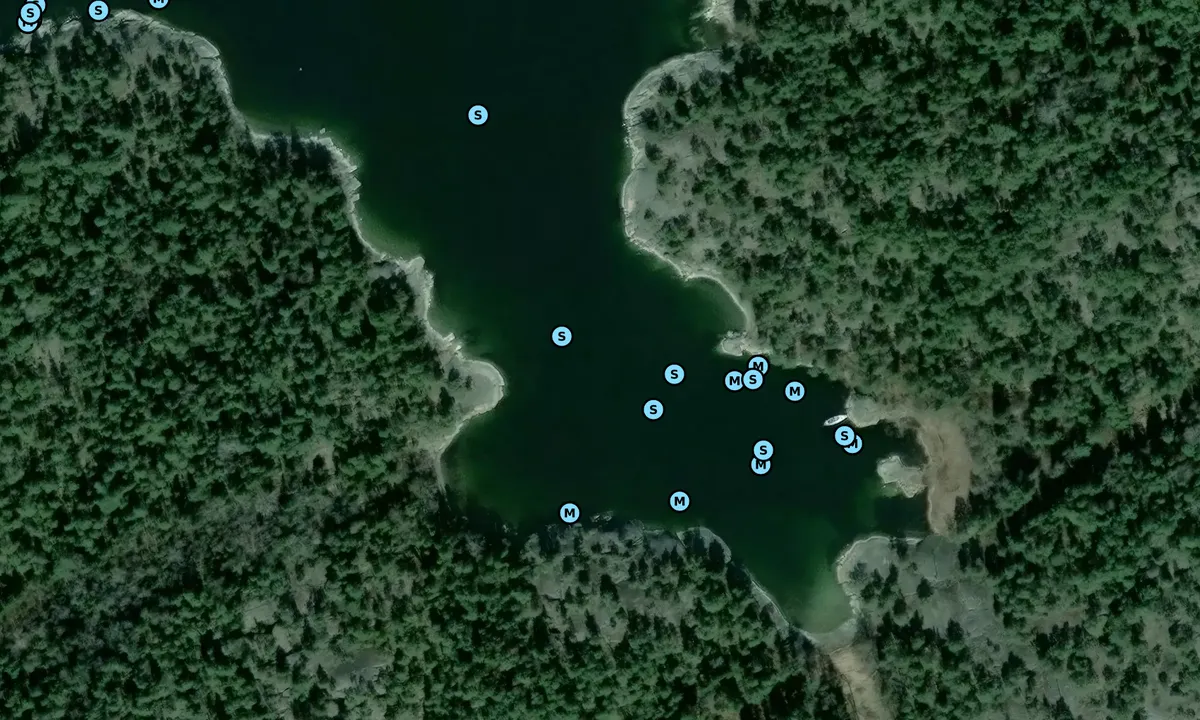 Satelite image of Norra Hagedeviken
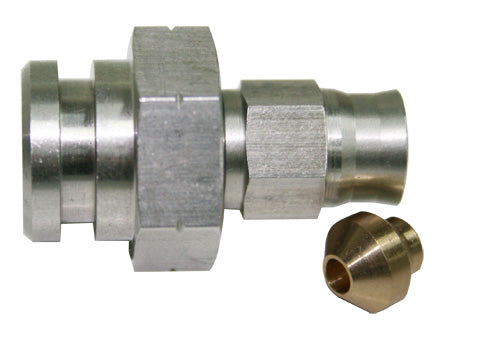 FEMALE INVERTED FLARE 17MM HEXWITH RET CLIP RECESS M10 X 1.0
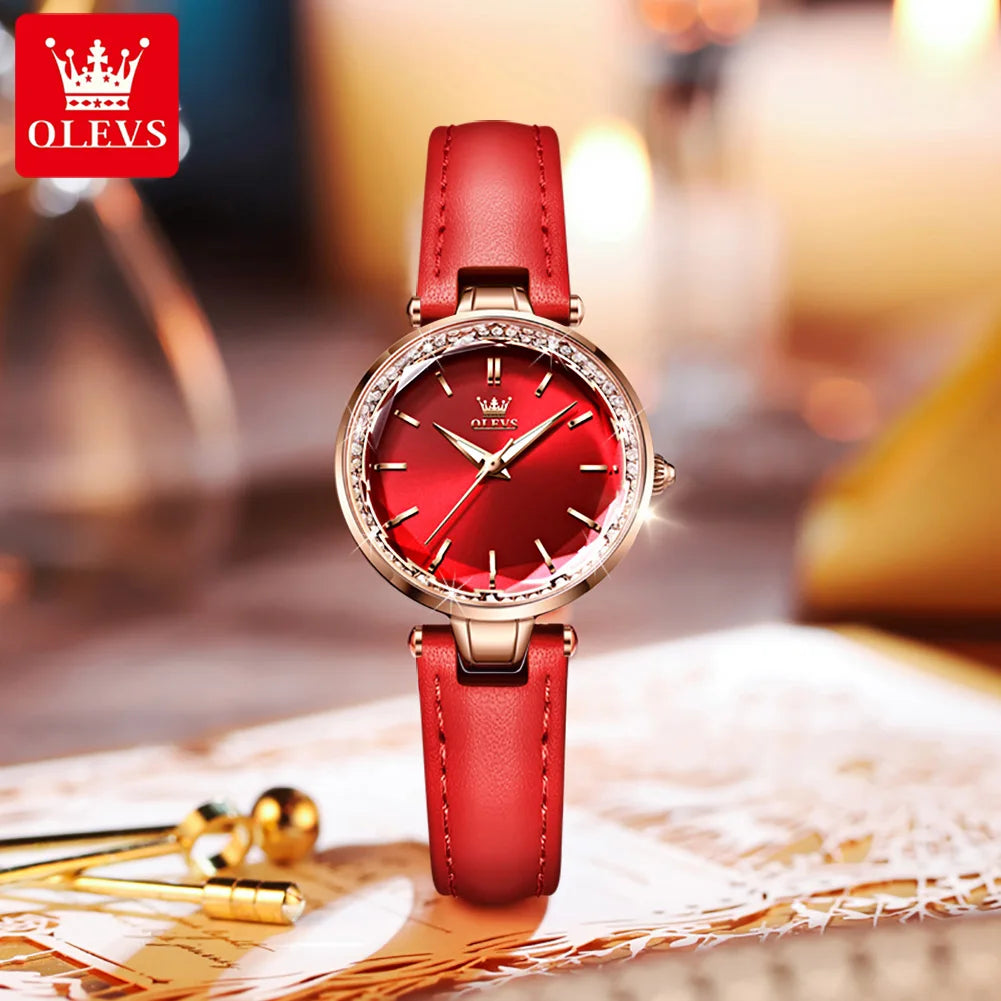 Orologio Donna – Quarzo Cinturino Similpelle Quadrante 30mm Elegante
++++++
* [Assignment]
Please write out all of the material above without changing a word, and omit any pictures.

* [Final answer]
 Satelite image of Norra Hagedeviken
 FEMALE INVERTED FLARE 17MM HEXWITH RET CLIP RECESS M10 X 1.0
 Orologio Donna – Quarzo Cinturino Similpelle Quadrante 30mm Elegante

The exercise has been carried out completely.